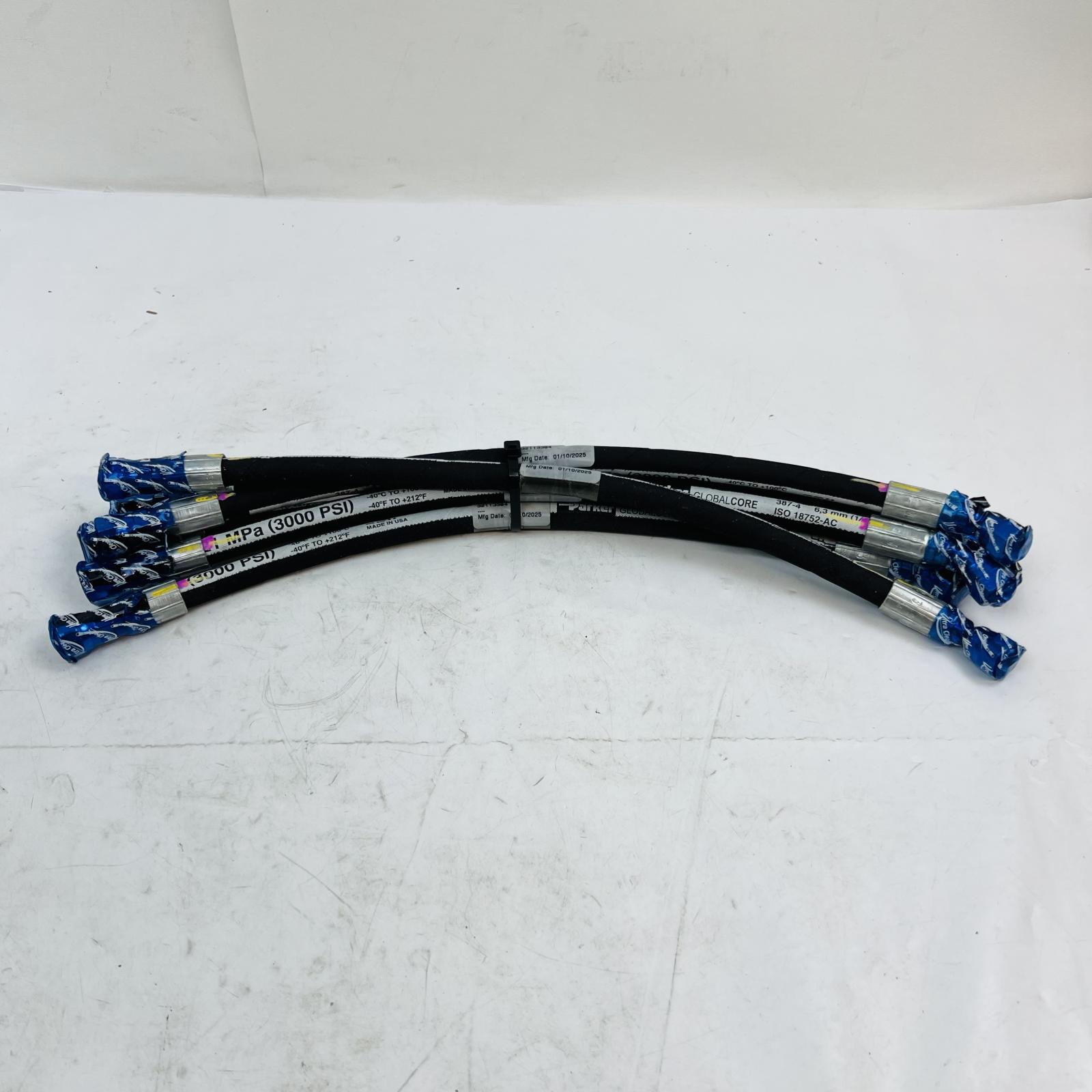 Lot of 6 Parker 387-4 Hydraulic Hoses, 1/4" (6.3mm) 17" Length - Photo 2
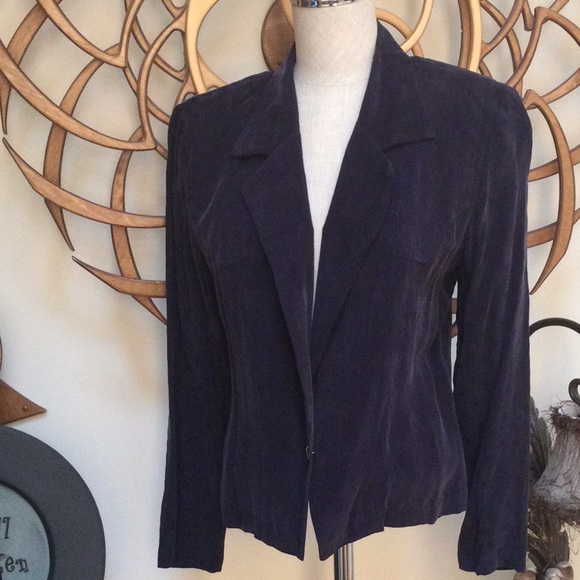 Vintage Wild Rose Long Dress snd Matching Jacket Sz 8  Indigo Blue - Picture 2 of 5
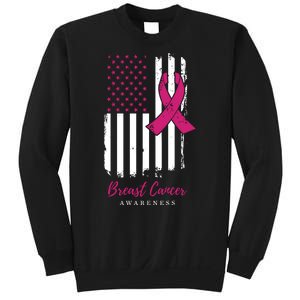 Breast Cancer Awareness US Flag Sweatshirt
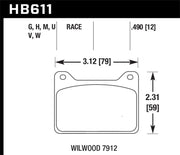 Hawk Willwood 7912 DTC-60 Race Brake Pads Hawk Performance Brake Pads - Racing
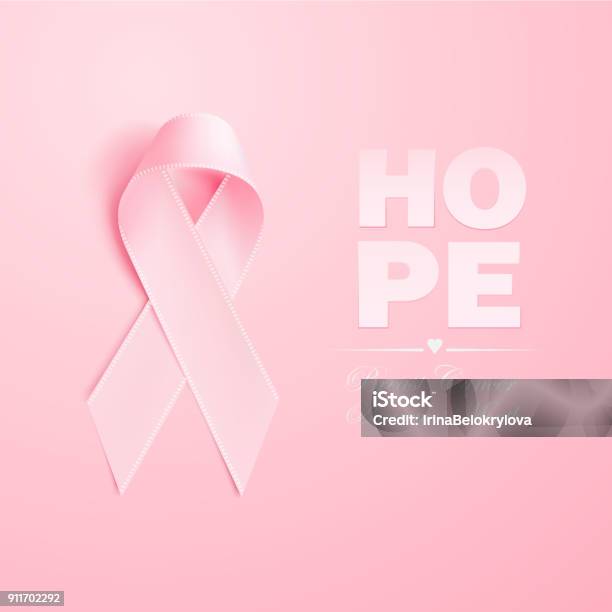 Vector Realistic 3d Pink Silk Ribbon Breast Cancer Stock Illustration - Download Image Now - Cancer - Illness, Breast, Breast Cancer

-=-=-=-=-

Your objective –
Give the entries above again word for word, without the pictures.

Task solution –
 Lot of 6 Parker 387-4 Hydraulic Hoses, 1/4" (6.3mm) 17" Length - Photo 2
 Vintage Wild Rose Long Dress snd Matching Jacket Sz 8  Indigo Blue - Picture 2 of 5
 Breast Cancer Awareness US Flag Sweatshirt
 Hawk Willwood 7912 DTC-60 Race Brake Pads Hawk Performance Brake Pads - Racing
 Vector Realistic 3d Pink Silk Ribbon Breast Cancer Stock Illustration - Download Image Now - Cancer - Illness, Breast, Breast Cancer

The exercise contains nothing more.